Records supplied ::
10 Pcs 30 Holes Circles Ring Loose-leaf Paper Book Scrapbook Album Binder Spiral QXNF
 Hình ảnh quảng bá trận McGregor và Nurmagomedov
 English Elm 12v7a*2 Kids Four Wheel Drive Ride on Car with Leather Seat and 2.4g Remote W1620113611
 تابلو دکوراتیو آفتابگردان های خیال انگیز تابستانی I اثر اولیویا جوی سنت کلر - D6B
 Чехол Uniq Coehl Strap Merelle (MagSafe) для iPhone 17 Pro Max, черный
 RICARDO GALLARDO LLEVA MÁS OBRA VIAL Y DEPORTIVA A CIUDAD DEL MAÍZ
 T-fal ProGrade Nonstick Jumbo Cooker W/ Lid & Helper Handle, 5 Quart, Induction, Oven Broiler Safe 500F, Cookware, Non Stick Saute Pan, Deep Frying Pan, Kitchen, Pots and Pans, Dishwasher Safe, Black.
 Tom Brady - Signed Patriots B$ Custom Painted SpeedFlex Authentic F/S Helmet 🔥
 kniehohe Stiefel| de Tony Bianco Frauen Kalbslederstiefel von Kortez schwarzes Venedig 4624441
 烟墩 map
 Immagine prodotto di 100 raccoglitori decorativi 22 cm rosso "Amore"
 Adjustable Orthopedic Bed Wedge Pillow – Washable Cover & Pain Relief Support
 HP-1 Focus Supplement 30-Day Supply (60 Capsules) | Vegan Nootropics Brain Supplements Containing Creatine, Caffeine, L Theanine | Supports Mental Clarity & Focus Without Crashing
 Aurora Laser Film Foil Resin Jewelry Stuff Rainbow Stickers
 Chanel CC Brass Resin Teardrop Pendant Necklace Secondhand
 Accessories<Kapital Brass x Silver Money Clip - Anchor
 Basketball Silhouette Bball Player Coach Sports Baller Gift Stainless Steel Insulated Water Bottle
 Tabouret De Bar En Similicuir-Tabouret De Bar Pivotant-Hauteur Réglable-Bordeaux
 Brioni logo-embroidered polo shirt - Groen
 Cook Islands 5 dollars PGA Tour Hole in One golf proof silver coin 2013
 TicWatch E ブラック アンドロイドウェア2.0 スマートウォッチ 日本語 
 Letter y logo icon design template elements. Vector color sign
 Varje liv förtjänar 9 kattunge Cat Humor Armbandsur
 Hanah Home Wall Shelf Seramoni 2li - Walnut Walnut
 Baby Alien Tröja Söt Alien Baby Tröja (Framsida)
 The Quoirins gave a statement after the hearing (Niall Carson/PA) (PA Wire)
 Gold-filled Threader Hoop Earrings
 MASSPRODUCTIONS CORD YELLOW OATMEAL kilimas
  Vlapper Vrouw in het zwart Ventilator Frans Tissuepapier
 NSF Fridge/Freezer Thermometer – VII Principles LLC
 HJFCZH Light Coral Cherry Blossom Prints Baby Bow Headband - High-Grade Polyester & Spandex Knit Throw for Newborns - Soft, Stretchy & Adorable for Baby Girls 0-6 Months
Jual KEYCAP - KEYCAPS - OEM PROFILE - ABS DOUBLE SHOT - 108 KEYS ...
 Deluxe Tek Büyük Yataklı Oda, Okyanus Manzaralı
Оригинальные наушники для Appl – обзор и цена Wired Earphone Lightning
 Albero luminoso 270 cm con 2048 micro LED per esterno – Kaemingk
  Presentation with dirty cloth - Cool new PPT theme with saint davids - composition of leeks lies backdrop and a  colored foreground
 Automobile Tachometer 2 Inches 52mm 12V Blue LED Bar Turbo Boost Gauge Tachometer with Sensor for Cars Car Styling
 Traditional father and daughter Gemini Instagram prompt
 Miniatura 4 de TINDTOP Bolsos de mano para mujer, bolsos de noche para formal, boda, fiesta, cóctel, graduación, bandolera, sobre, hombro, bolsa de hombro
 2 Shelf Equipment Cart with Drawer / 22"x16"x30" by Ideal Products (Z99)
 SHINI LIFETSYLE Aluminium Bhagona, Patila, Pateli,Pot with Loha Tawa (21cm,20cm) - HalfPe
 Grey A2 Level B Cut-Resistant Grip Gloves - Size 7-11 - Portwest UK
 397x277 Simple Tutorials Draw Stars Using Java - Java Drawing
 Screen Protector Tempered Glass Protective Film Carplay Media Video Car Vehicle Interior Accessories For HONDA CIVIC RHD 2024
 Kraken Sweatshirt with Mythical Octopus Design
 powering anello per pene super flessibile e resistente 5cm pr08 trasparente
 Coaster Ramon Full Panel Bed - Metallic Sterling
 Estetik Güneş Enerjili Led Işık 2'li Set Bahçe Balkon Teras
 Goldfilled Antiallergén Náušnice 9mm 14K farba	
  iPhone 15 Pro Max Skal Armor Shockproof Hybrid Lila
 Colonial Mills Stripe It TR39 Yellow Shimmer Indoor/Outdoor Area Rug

What you will do :: Extract from the records above the lines from the one containing "تابلو دکوراتیو آفتابگردان" to the one containing "RICARDO GALLARDO LLEVA", both lines included, exactly as they appear and with nothing else.

Task solution ::
 تابلو دکوراتیو آفتابگردان های خیال انگیز تابستانی I اثر اولیویا جوی سنت کلر - D6B
 Чехол Uniq Coehl Strap Merelle (MagSafe) для iPhone 17 Pro Max, черный
 RICARDO GALLARDO LLEVA MÁS OBRA VIAL Y DEPORTIVA A CIUDAD DEL MAÍZ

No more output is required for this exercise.